1,000 women killed annually in the name of honour

01 Dec, 2007

An average 1,000 women are murdered in the name of honour every year in the country, out of them majority cases are not reported to law enforcement agencies or concerned non-governmental organisations for taking appropriate action against the perpetrators.
Sources in Ministry of Women Development said that murder of women through various means-stove burning, karo-kari (honour killing), strangulation after rape, acid throwing and physical assault-has increased and the figures reported in various surveys were gross under-estimation of the real cases.
Violence against women is considered a human rights violation that is often fuelled by long-standing social and cultural norms that reinforce its acceptability. Domestic violence involves physical and sexual assault on women in their homes. Women are more at risk of experiencing violence in intimate relationships than anywhere else, they said.
At workplace and in public women have to undergo sexual harassment in the form of sexual propositions, songs, jokes, gestures, comments, pictures, accidental touching and molestation, they said.

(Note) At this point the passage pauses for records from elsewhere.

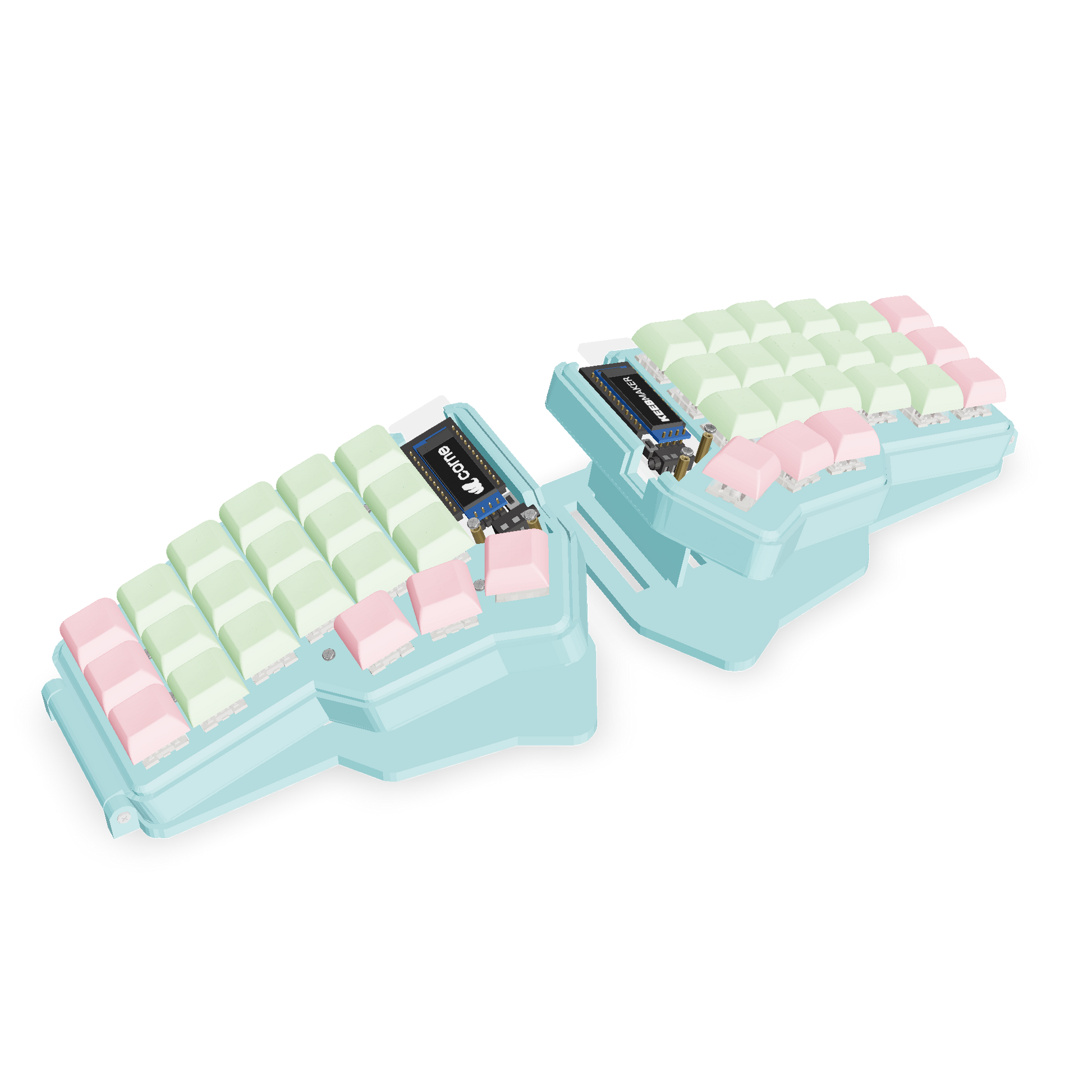 Custom keyboard image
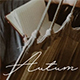 Minimal // Autumn Slideshow - VideoHive Item for Sale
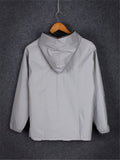 Super Cool Reflective Waterproof Windbreaker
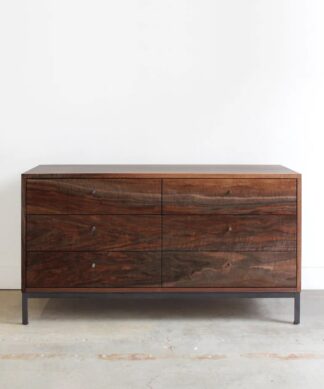 Farmhouse Modern Dresser Simple Solid Wood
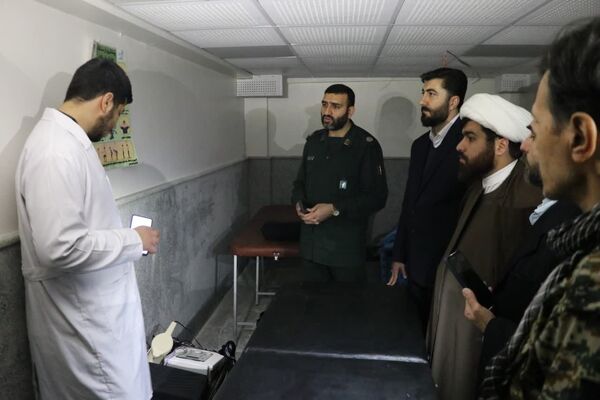 برگزاری اردوی جهادی تخصصی در شهرستان قدس 
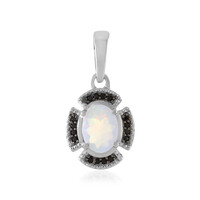 Ciondolo in argento con Opale di Welo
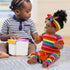 JIZHI Reborn Baby Dolls Black, 22 Inch Lifelike Soft Body African American Girl Doll Gift Set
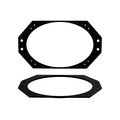 Metra 82-1011 Jeep Wrangler 1997-2006 4 X 6 Inches Speaker Plate 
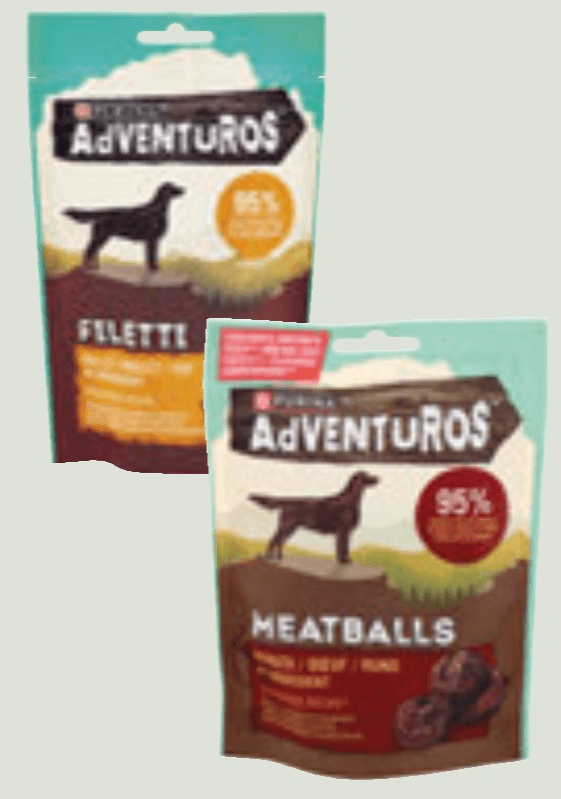Adventuros Purina 70 g in offerta da Esselunga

According to Article 1 of the United Nations Declaration, violence against women is an act of gender-based violence that results in physical, sexual or psychological harm or suffering including threats of such acts, coercion or arbitrary deprivations of liberty, whether occurring in public or private life.
They said that tribal customs of Vani and Swara are still practised in tribal areas to settle the blood feuds among different tribes, where the young girls are married to the members of feuding tribes.
Moreover, Watta-Satta is another tribal custom where brides are exchanged between two families, sometimes girls as young as five years are exchanged as brides, they said. The dowry issue also breeds violence against women as brides are beaten, abused and even murdered for not carrying a good deal of dowry as expected by the husband's family, they said.
Keeping in view gravity of the situation, sources said that the erstwhile PML-Q government had drafted 'Prevention of Violence Against Women' bill in consultation with all the stakeholders to prevent violence against women.
Unfortunately, the proposed bill could not be moved to the National Assembly for consideration and passage due to unknown reasons, the sources said. However, the draft bill on 'Harassment against women at the workplace' is still lying with the Ministry of Women Development.